__The problem__.
Copy out exactly the stretch below, from the line with "Thumbnail: 2015 Mercedes-Benz C-Class - 16" through the line with "NE MOŽE IM NIKO", both included; the pictures stay out.

__Records for the task__.
+++++

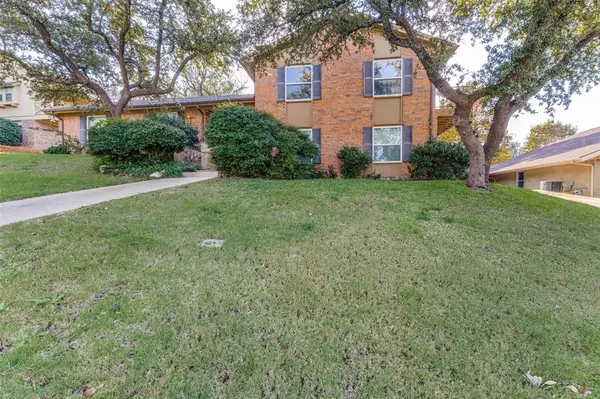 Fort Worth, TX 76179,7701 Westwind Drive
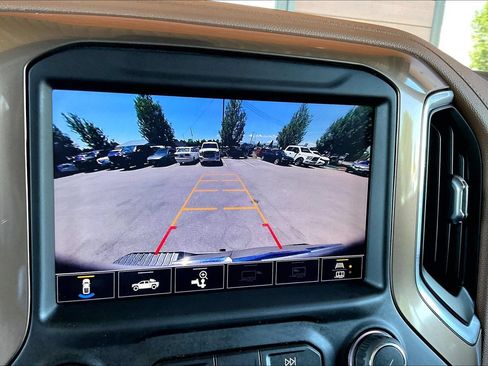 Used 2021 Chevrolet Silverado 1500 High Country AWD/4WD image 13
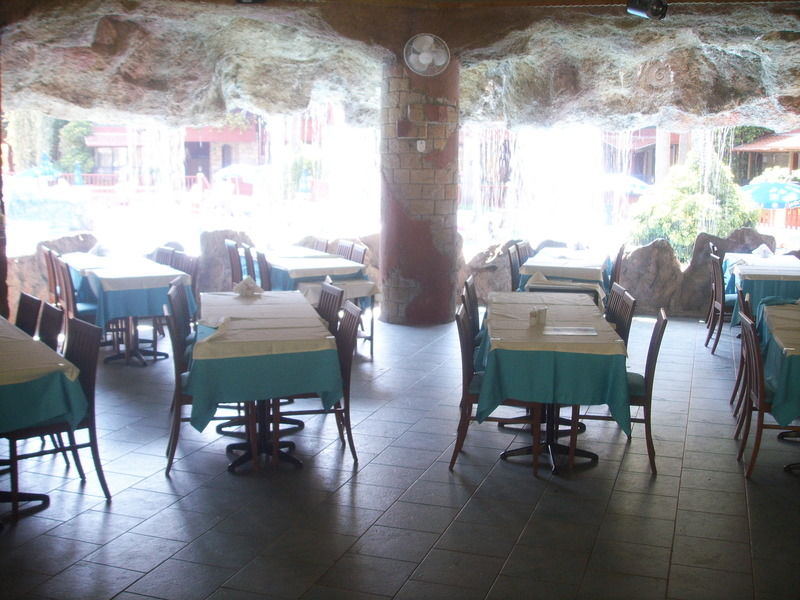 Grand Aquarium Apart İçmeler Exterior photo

+++++

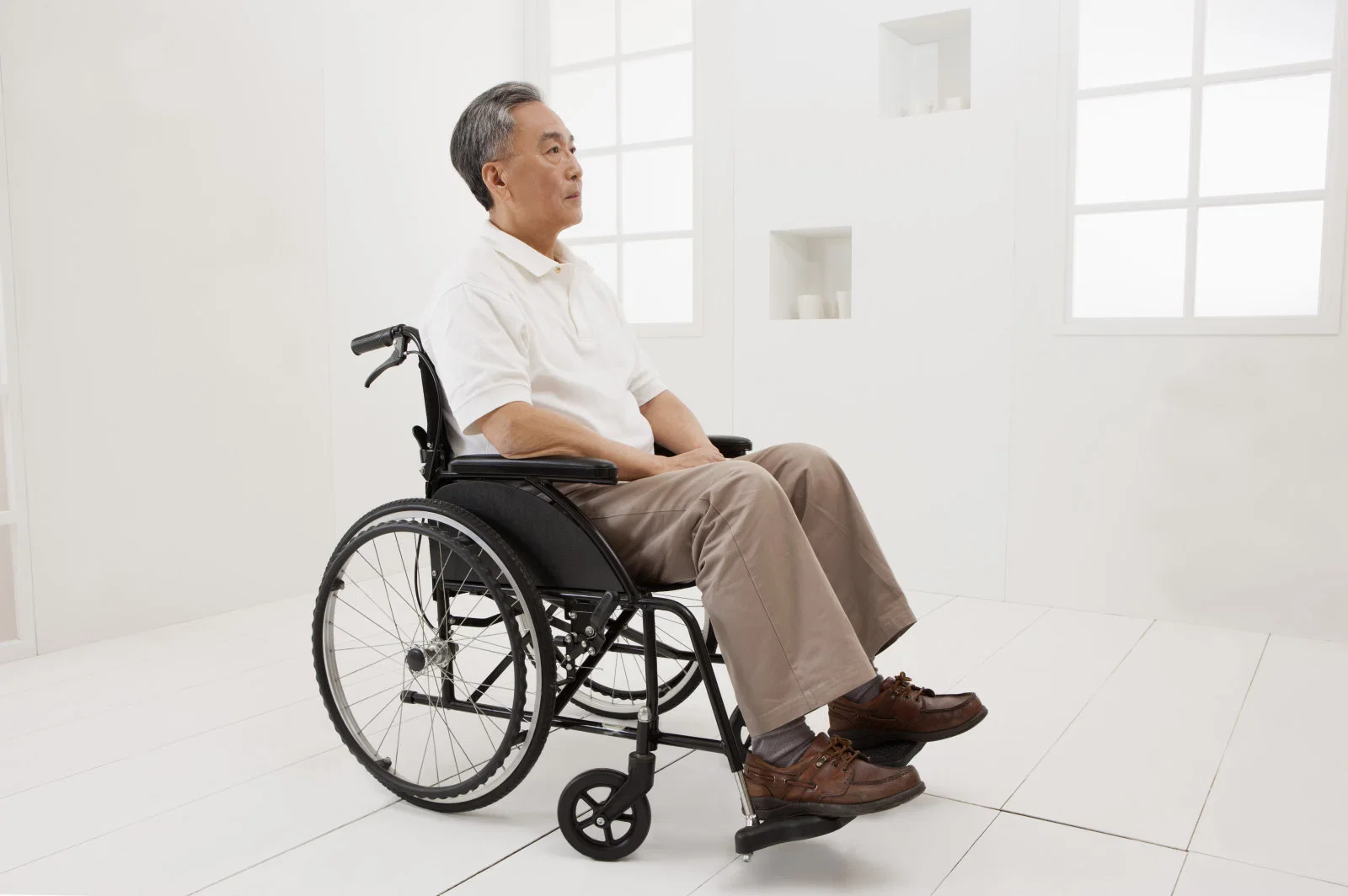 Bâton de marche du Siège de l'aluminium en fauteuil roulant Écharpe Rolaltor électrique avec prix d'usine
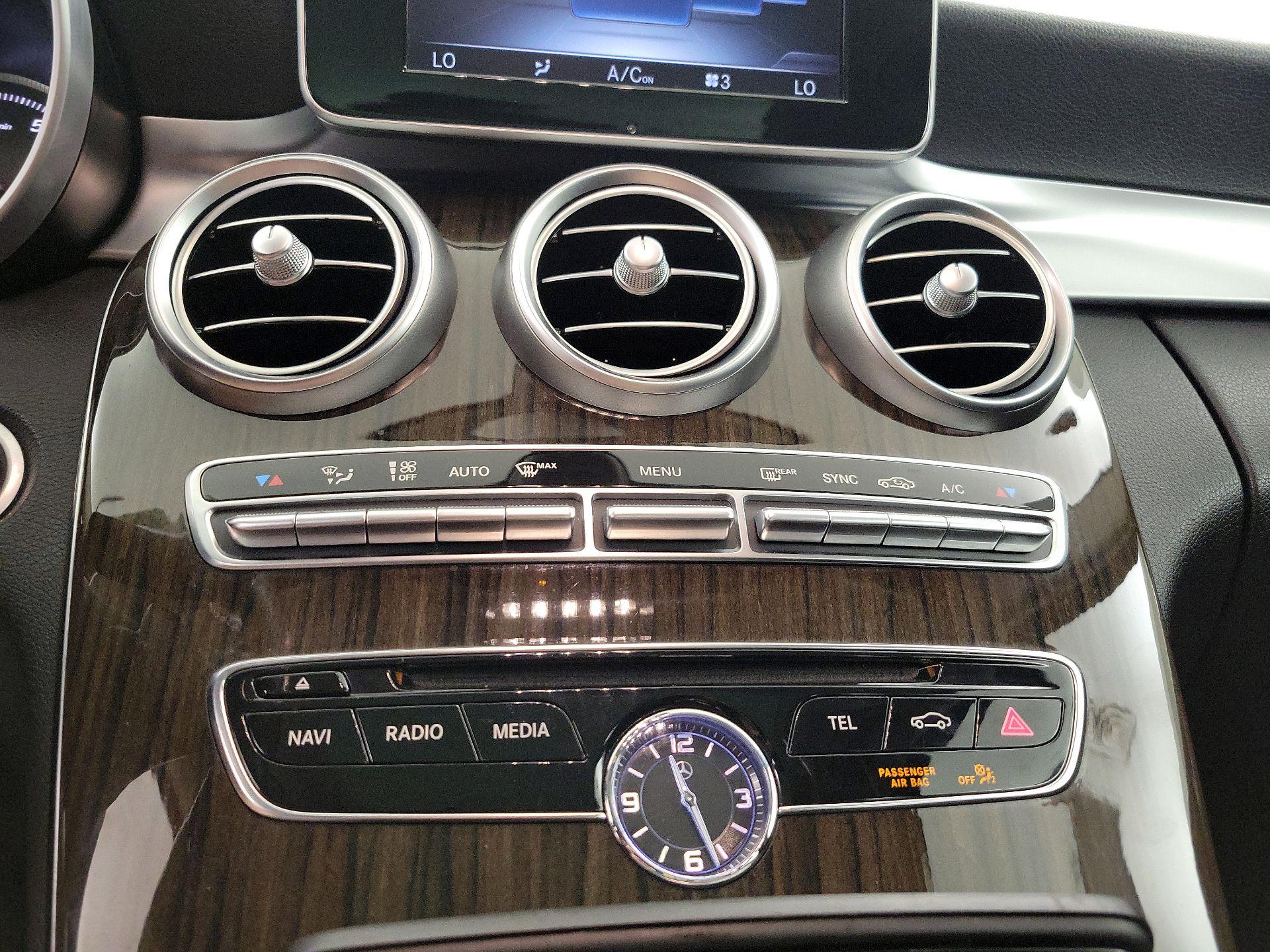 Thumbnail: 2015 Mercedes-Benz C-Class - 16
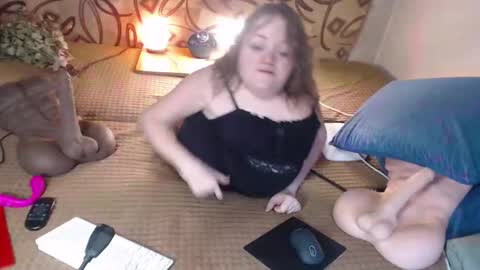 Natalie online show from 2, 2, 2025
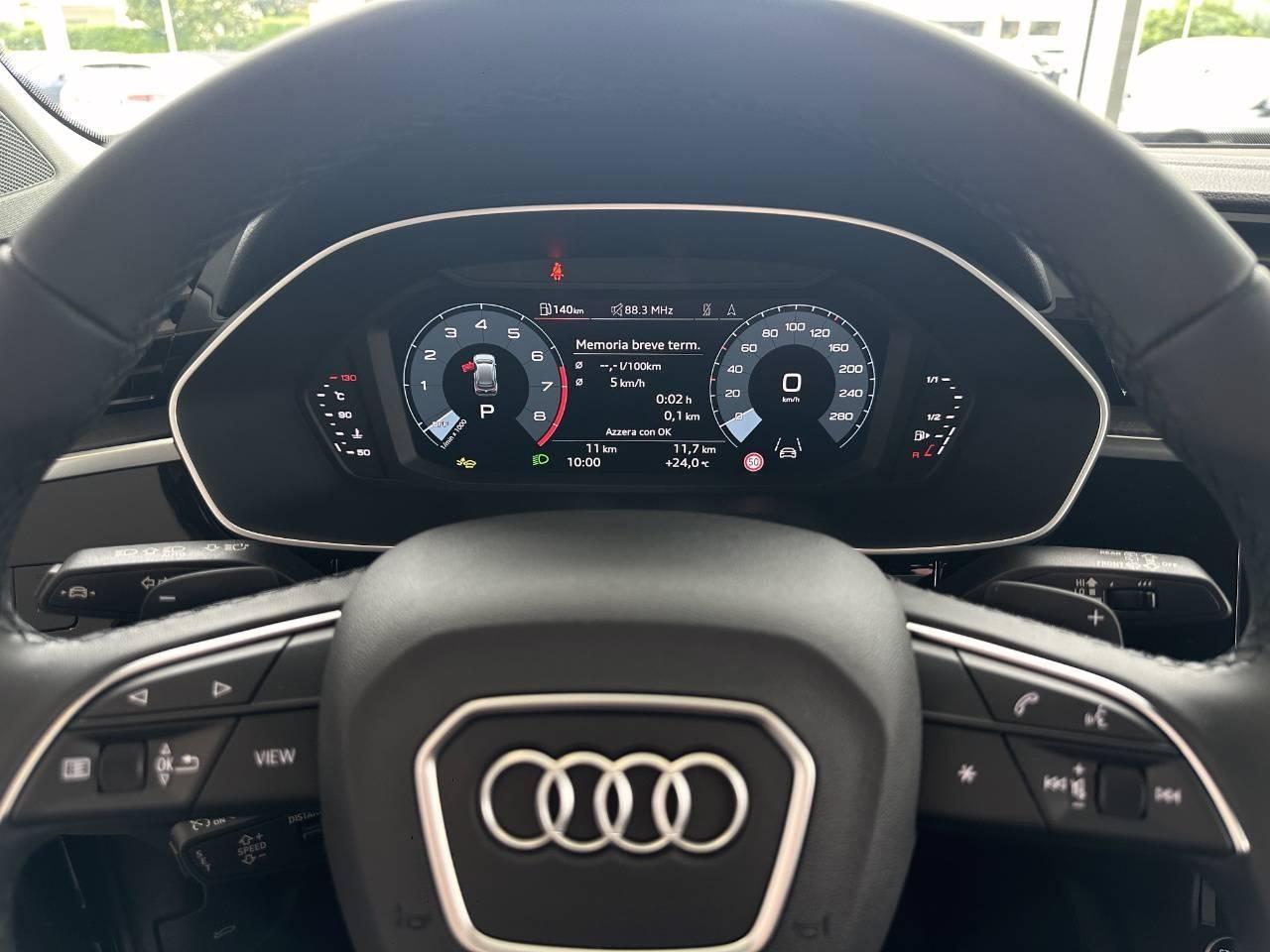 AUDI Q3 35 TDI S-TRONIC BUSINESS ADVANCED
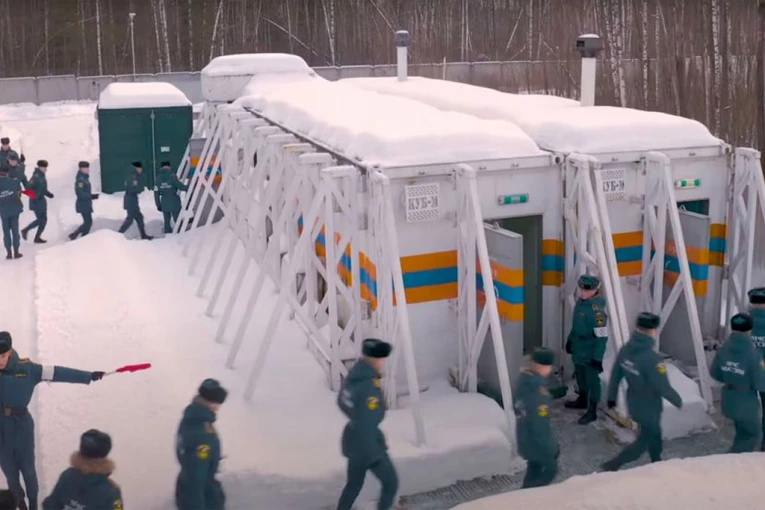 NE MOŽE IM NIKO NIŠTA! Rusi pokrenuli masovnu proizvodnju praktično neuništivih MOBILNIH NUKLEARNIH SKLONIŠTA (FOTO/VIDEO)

+++++

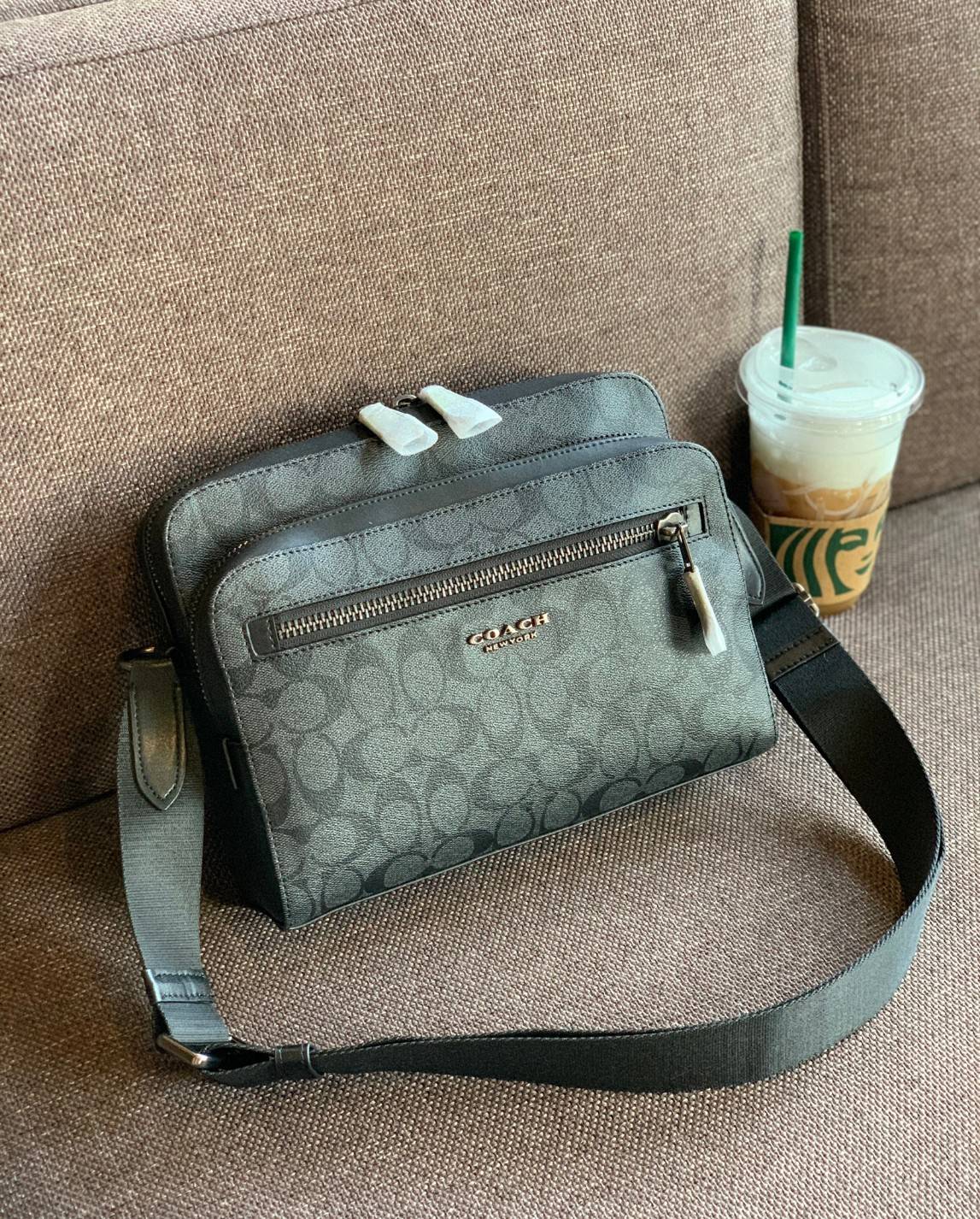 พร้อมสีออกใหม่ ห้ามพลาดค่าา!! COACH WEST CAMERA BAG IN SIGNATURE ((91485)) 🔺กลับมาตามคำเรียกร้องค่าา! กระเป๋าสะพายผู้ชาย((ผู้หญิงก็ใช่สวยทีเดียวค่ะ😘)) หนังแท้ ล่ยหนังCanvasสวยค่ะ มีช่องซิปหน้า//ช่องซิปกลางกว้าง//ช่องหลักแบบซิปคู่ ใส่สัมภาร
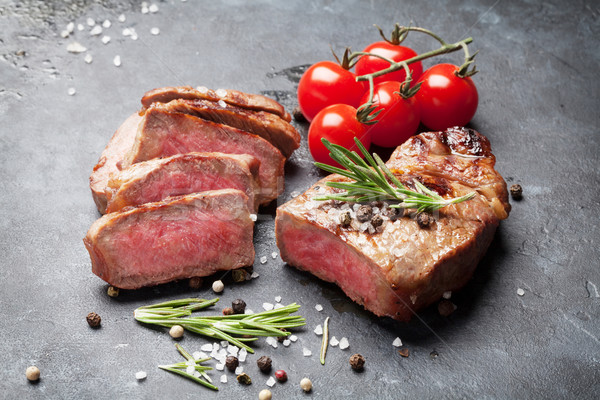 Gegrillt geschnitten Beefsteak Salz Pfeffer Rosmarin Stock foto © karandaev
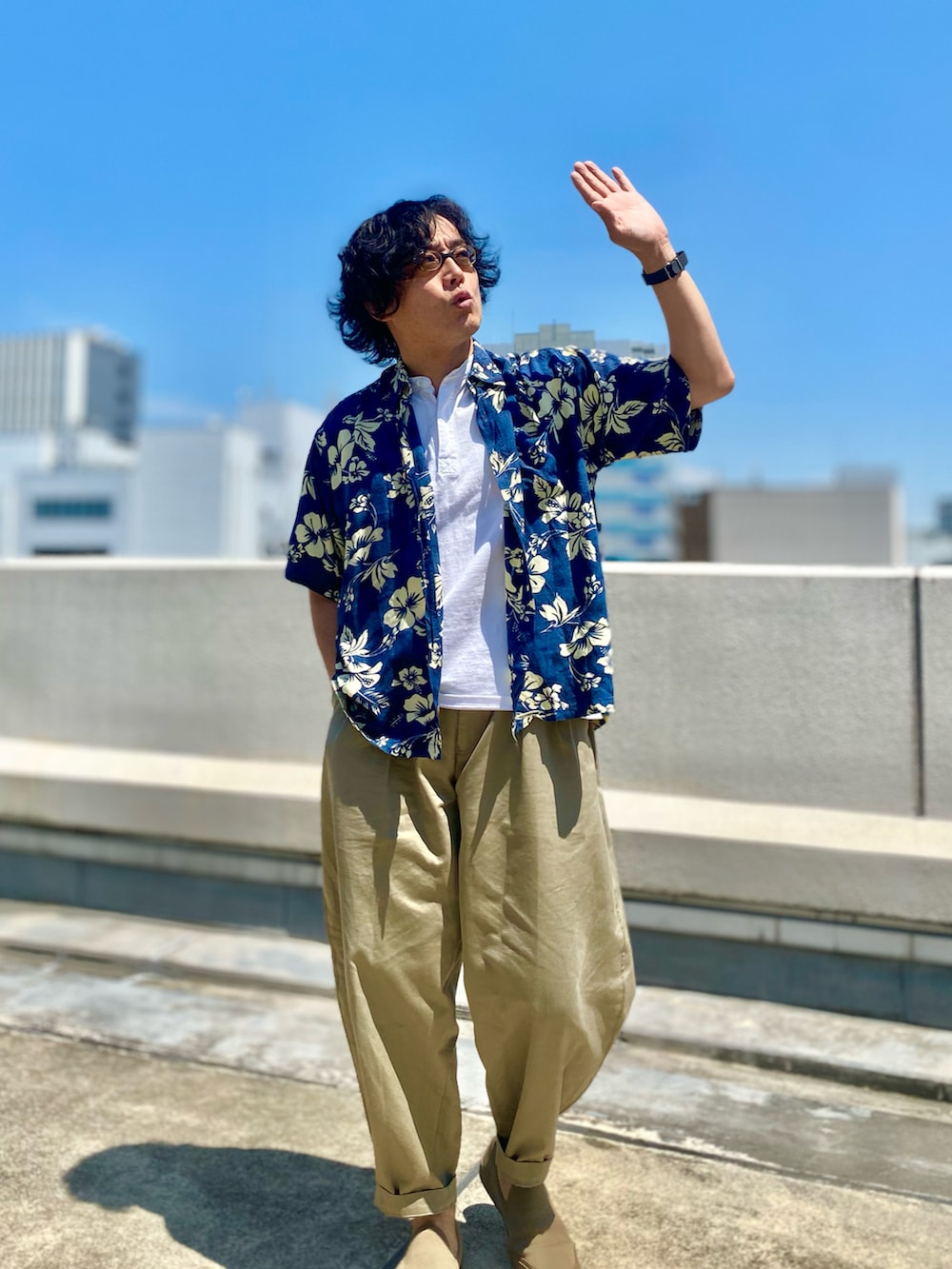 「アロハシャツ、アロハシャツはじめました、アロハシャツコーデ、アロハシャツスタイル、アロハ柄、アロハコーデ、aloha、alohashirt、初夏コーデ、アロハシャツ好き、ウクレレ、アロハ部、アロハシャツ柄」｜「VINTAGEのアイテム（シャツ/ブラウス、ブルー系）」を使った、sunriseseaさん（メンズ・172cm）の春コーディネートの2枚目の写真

+++++

__Answer box__.
 Thumbnail: 2015 Mercedes-Benz C-Class - 16
 Natalie online show from 2, 2, 2025
 AUDI Q3 35 TDI S-TRONIC BUSINESS ADVANCED
 NE MOŽE IM NIKO NIŠTA! Rusi pokrenuli masovnu proizvodnju praktično neuništivih MOBILNIH NUKLEARNIH SKLONIŠTA (FOTO/VIDEO)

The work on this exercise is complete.